#ATTENDANCE QUIZ for Lecture 7 of Math251(Dr. Z.)
#EMAIL  RIGHT AFTER YOU WATCHED THE VIDEO
#BUT NO LATER THAN  Sept. 28, 2020, 8:00PM (Rutgers time)
#THIS .txt FILE (EDITED WITH YOUR ANSWERS)
#TO:
#DrZcalc3@gmail.com
#Subject: aq7
#with an ATTACHMENT CALLED:
#aq7FirstLast.txt
#(e.g. aq7DoronZeilberger.txt)




#LIST ALL THE ATTENDANCE QUESTIONS FOLLOWED BY THEIR ANSWERS:

#Let a :=5th digit of your RUID; B:=2nd digit of your RUID

#Let f(x,y):= x^a + b*x^(2*a)*y^3

#Find the two partial derivatives of f(x,y)


#Answer to attendance question 1:

f(x,y):=x^0 + 8x^0y^3
f(x,y):= 1+8y^3

f'x=0
f'y=24y^2

#attendence question 2:

With a and b as above,  find f_x (z(x,y) and f_y (z(x,y)) IF x,y,z ARE RELATED BY THE RELATIONSHIP (EQUATION)

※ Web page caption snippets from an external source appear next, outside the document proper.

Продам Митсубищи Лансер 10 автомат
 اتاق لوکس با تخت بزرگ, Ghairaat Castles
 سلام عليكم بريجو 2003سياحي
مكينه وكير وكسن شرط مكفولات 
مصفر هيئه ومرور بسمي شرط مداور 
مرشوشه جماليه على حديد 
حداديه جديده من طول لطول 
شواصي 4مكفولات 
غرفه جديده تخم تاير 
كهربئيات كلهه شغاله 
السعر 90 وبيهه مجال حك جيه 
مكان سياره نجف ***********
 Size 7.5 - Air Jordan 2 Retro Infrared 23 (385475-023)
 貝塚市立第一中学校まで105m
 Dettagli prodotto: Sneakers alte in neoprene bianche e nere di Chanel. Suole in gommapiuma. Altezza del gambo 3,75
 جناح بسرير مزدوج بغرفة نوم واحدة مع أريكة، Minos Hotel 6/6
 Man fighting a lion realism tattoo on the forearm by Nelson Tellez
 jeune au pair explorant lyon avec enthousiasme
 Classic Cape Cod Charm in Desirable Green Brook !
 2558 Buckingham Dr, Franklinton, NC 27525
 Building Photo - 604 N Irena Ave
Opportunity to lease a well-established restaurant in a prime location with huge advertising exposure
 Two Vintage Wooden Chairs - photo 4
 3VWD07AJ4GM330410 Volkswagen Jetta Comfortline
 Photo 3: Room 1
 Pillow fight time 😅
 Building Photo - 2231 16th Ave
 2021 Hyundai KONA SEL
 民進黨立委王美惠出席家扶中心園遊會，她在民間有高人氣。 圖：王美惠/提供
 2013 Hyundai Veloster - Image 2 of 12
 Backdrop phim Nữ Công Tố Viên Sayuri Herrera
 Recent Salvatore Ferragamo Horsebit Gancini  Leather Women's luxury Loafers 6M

x^a * y^2 + x^2*y^(3b)*z^3 = exp(x*y*z)

#Answer to attendance question 2:


x^0y^2 + x^2y^24z^3

y^2 + x^2y^24z^3 = exp(x*y*z)




#Attendence question 3:

# Do the second part, find f_y(1,1)


#Answer to attendance problem 3:

I may have done it wrong on paper but I also got 0


#Attendence problem 4:

#Is the answer the same, is f_y(1,1) also 0?
#could you have predicted it without doing the calculation? 

I think maybe because x and y are the same in the equation and in the point? 
There's x^2 and y^2 and x*y+x*y so turning them into constants is the same as well. 


#Attendance Problem 5:
Let a and b be as above

Find the Equation of the tangent plane to the surface 

z = x^a + y^b + a*b*x*y AT the point (1,1,2+a*b)

Answer to attendance problem 5:

z=x^8 + y^0 + 0 at the point (1,1,2)

f = x^8 + 1 -  z

f_x(x,y,z)= 8x^7

f_z(x,y,z)= -1 = 0


8x^7i -k

(1,0,-1)

(x,y,z)(1,0,-1)=(1,1,2)(1,0,-1)
X-z=1-2

x-z=-1